[[ GIVEN INFORMATION open ]]
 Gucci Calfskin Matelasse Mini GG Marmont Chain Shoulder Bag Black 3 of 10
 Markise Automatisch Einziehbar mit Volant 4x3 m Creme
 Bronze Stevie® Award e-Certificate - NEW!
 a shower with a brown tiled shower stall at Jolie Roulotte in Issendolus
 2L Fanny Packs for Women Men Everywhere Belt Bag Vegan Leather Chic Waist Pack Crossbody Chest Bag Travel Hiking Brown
[[ GIVEN INFORMATION closed ]]
[[ GIVEN INFORMATION open ]]
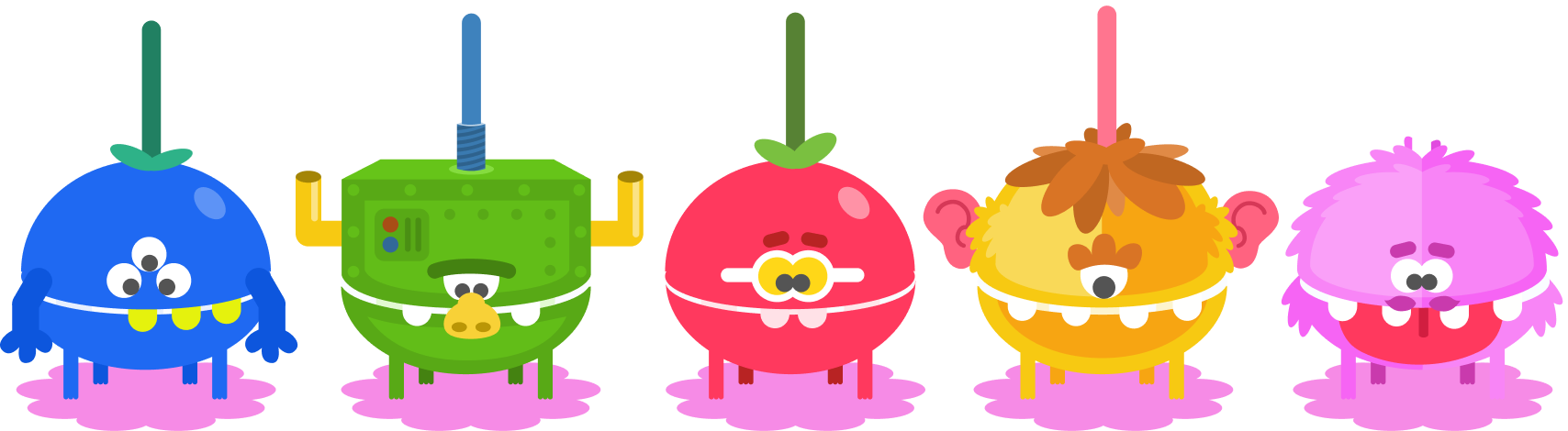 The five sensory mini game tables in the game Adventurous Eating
[[ GIVEN INFORMATION closed ]]
> WHAT YOU WILL DO
Your answer should consist only of the lines above between the line holding "Markise Automatisch Einziehbar" and the line holding "2L Fanny Packs", inclusive, each transcribed exactly.

> TASK SOLUTION
 Markise Automatisch Einziehbar mit Volant 4x3 m Creme
 Bronze Stevie® Award e-Certificate - NEW!
 a shower with a brown tiled shower stall at Jolie Roulotte in Issendolus
 2L Fanny Packs for Women Men Everywhere Belt Bag Vegan Leather Chic Waist Pack Crossbody Chest Bag Travel Hiking Brown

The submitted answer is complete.